Output, exactly as written, the lines below from the one that has "NWT Old Navy" through the one that has "Fahrzeugabbildung Renault Captur"; nothing else, and no pictures.

> [Records to use]:
------------------------

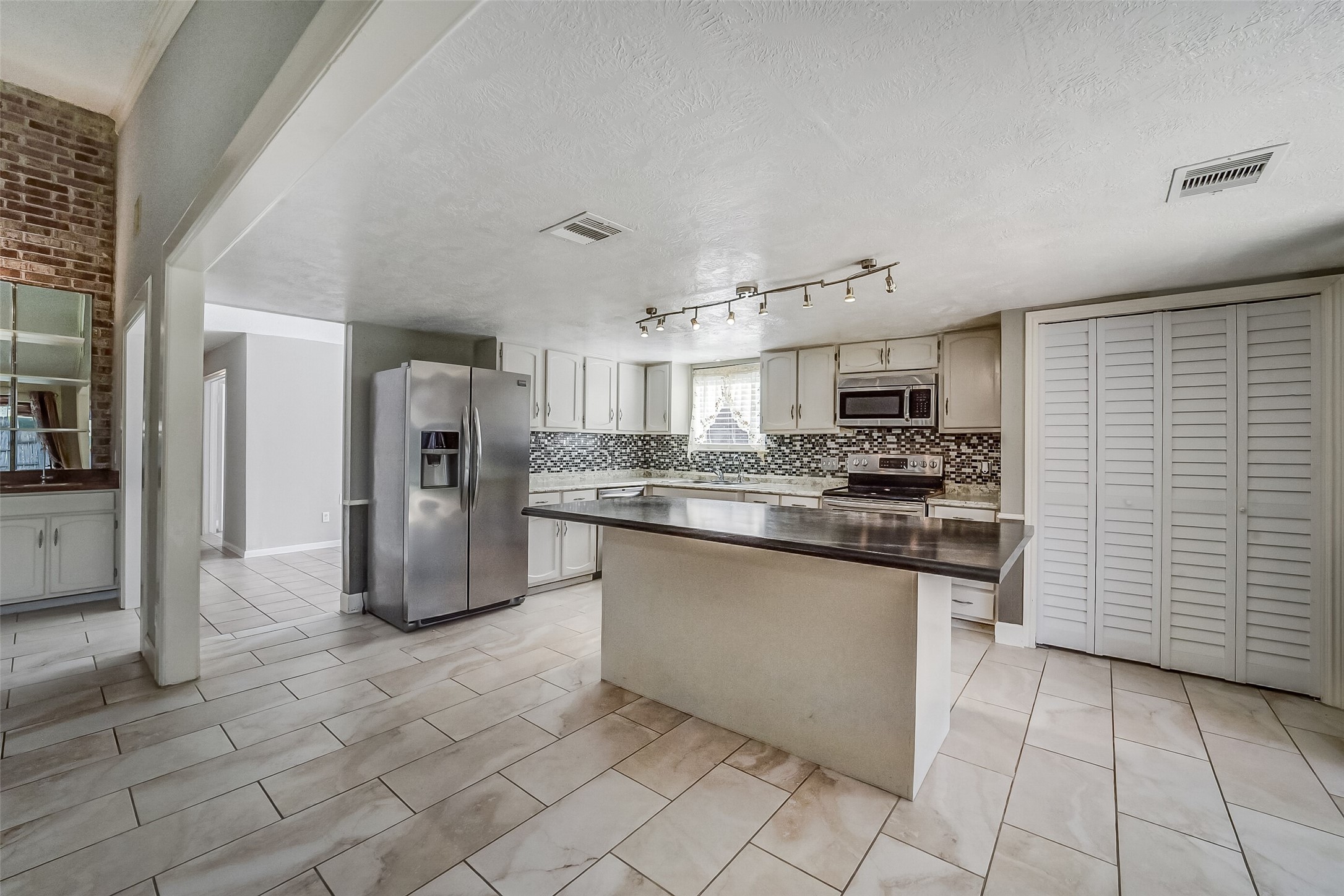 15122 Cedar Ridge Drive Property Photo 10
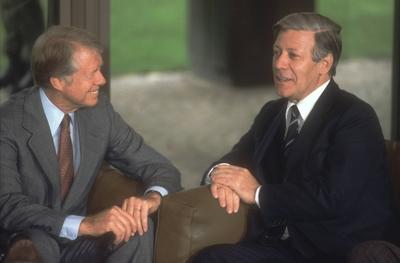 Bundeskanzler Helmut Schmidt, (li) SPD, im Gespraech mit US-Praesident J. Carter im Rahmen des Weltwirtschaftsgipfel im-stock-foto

------------------------

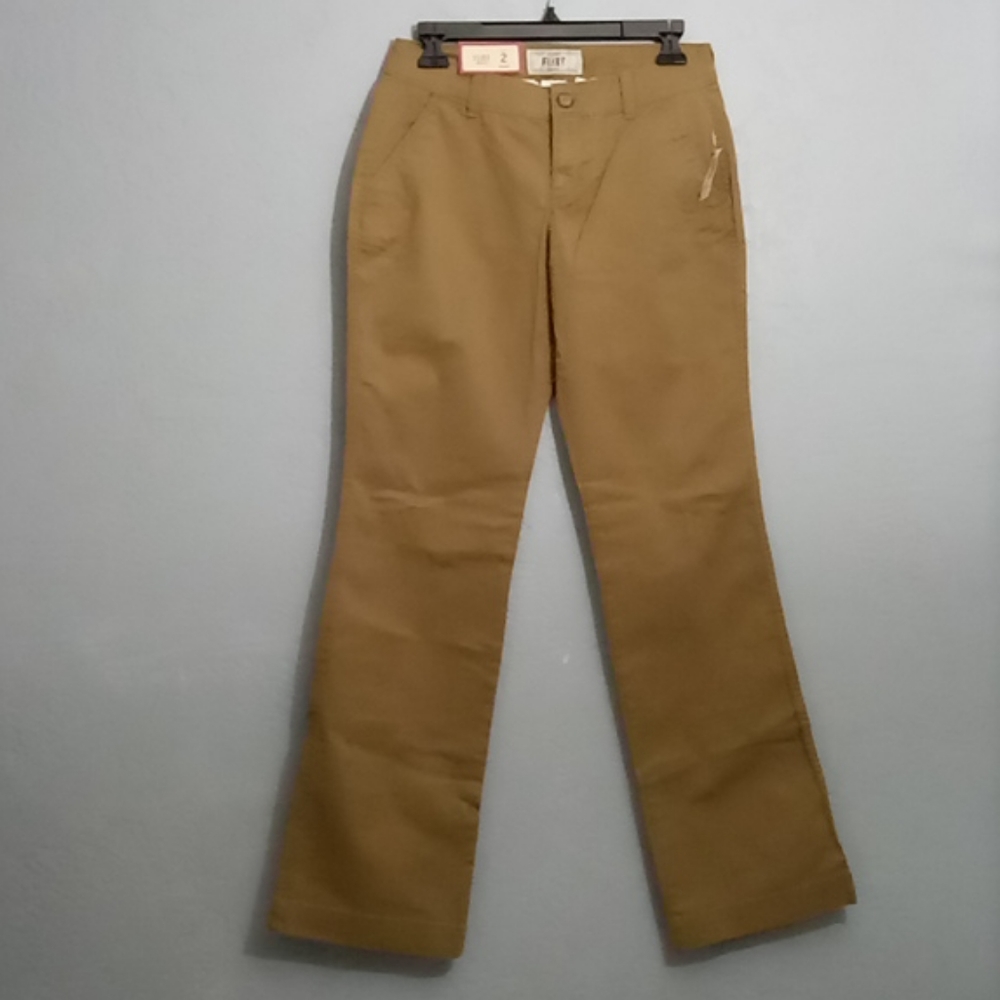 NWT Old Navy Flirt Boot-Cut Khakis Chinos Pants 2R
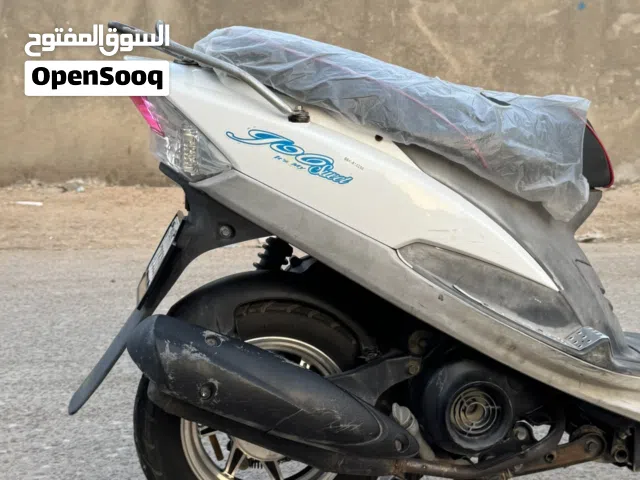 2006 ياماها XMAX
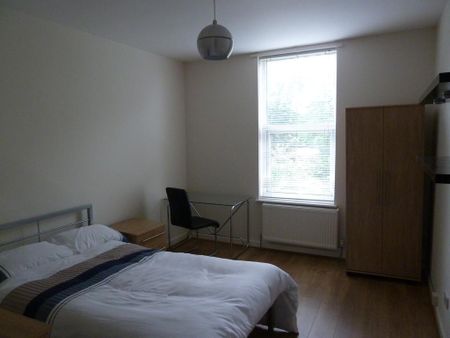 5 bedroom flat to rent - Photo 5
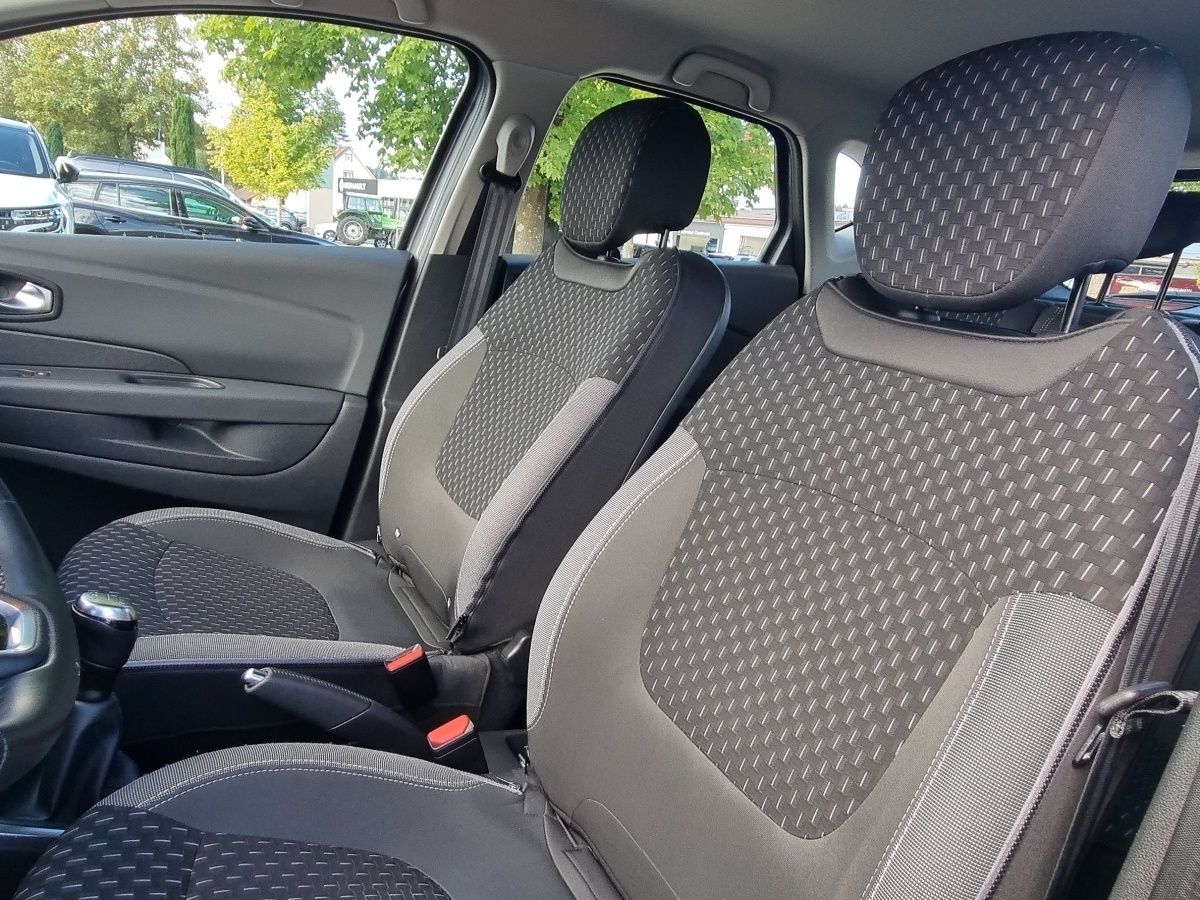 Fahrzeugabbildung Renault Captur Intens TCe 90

------------------------

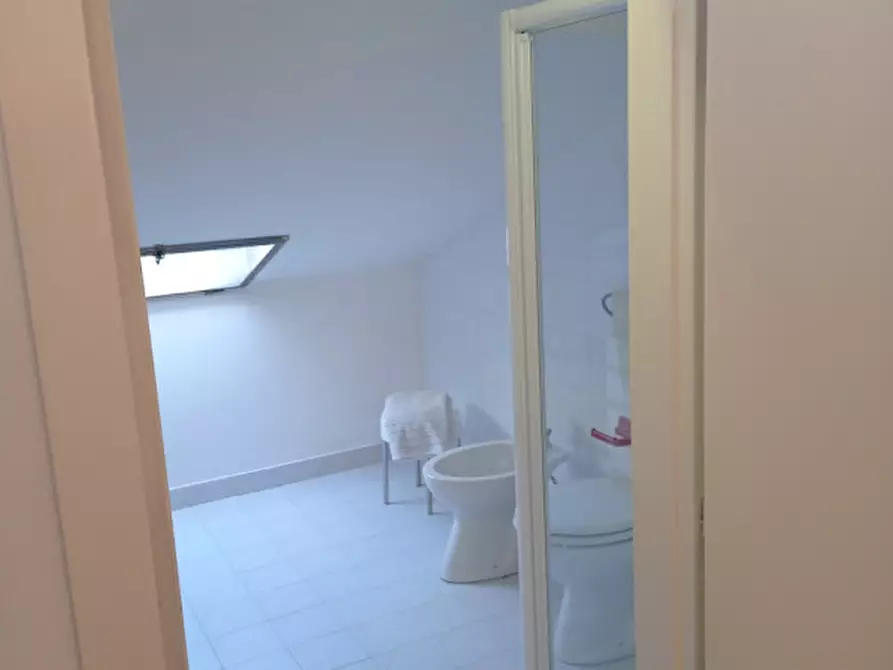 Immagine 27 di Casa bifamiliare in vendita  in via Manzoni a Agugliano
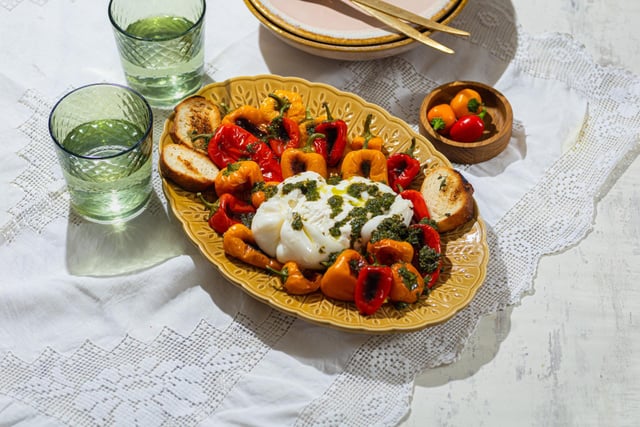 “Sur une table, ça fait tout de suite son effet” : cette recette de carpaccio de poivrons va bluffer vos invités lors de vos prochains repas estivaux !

------------------------

> [Answer to this task]:
 NWT Old Navy Flirt Boot-Cut Khakis Chinos Pants 2R
 2006 ياماها XMAX
 5 bedroom flat to rent - Photo 5
 Fahrzeugabbildung Renault Captur Intens TCe 90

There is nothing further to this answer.